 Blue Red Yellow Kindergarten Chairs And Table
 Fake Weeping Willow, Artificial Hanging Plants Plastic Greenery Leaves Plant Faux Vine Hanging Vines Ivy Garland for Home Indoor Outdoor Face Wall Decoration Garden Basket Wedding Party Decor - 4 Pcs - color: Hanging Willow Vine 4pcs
---
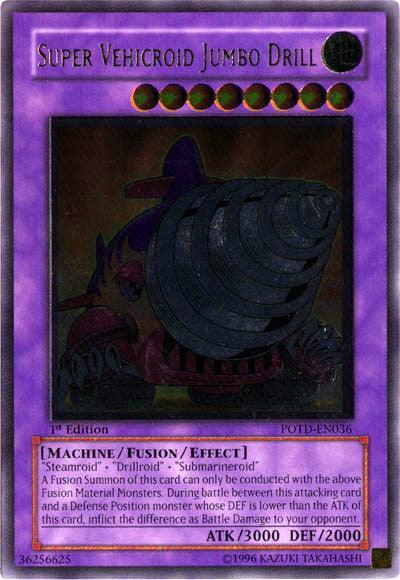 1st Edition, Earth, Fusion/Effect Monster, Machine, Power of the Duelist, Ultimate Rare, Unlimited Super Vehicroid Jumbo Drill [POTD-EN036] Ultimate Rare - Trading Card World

● AIM OF THE EXERCISE: Would you please write out, exactly and with no other lines, the stretch of the listing above from the line containing "Blue Red Yellow" through the line containing "Fake Weeping Willow, Artificial"?

● EXERCISE SOLUTION:
 Blue Red Yellow Kindergarten Chairs And Table
 Fake Weeping Willow, Artificial Hanging Plants Plastic Greenery Leaves Plant Faux Vine Hanging Vines Ivy Garland for Home Indoor Outdoor Face Wall Decoration Garden Basket Wedding Party Decor - 4 Pcs - color: Hanging Willow Vine 4pcs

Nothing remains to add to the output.